The fact is that illegal excavation destroys a culture's record of itself. Artifacts removed from their archaeological context are virtually useless to scholars trying to understand the cultures that created them. Too many people think archaeology is a treasure hunt, and so see nothing wrong with pot hunters and other looters, amateur or professional, getting to the treasure first. They figure the artifact exists no matter who excavates it. But people fail to appreciate that the artifact in-situ, in its archaeological context, can have tremendous implications for our understanding of ancient cultures. Archeological context dates in-situ artifacts. In-situ artifacts can undermine what scholars thought they knew and force us to rewrite history books. That's precisely WHY collectors, dealers and curators read scholarly books, site reports, articles, etc.-because archaeology is their only means of identifying, understanding and appreciating their collections, legal or otherwise.
Complaining about sinister international conspiracies doesn't address the real problem here–that looting archaeological sites PERMANENTLY destroys human history, occurs ONLY to supply artifacts to private collectors and museums, and devalues all collections by limiting the amount that can be known about ancient cultures.

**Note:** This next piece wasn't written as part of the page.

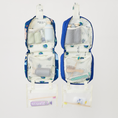 Load image into Gallery viewer, Bensen Toiletry Kit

As for private property-even the US recognizes that significant cultural properties (even insignificant ones) are owned collectively by all citizens. That's why we have state and federal antiquities laws. That's why you can't go out and loot the graves of Union and Confederate soldiers in search of belt buckles. That's why you can't take a backhoe to the Mississippian indian mound on your property. Ask the fellows who leased and looted Slack Farm about Anglo-American traditions of "finders/keepers". Are they out of prison yet? England has similar laws, and even provides for the state purchase of finds on private properties. Surely we can agree that the laws restricting illegal excavation of Shilo or Cahokia or Stonehenge are valid and valuable. Why object when other countries want to protect their properties in the same way?
John Piscopo wrote: |
There are several international treaties that the US has also chosen to ignore or withdraw from, the Kyoto Accords, the International Court and the some convention that would allow Americans to be arrested for war crimes and tried in the Hague. Joining any of these treaties and conventions would trump the US Constitution, just as the NAFTA did.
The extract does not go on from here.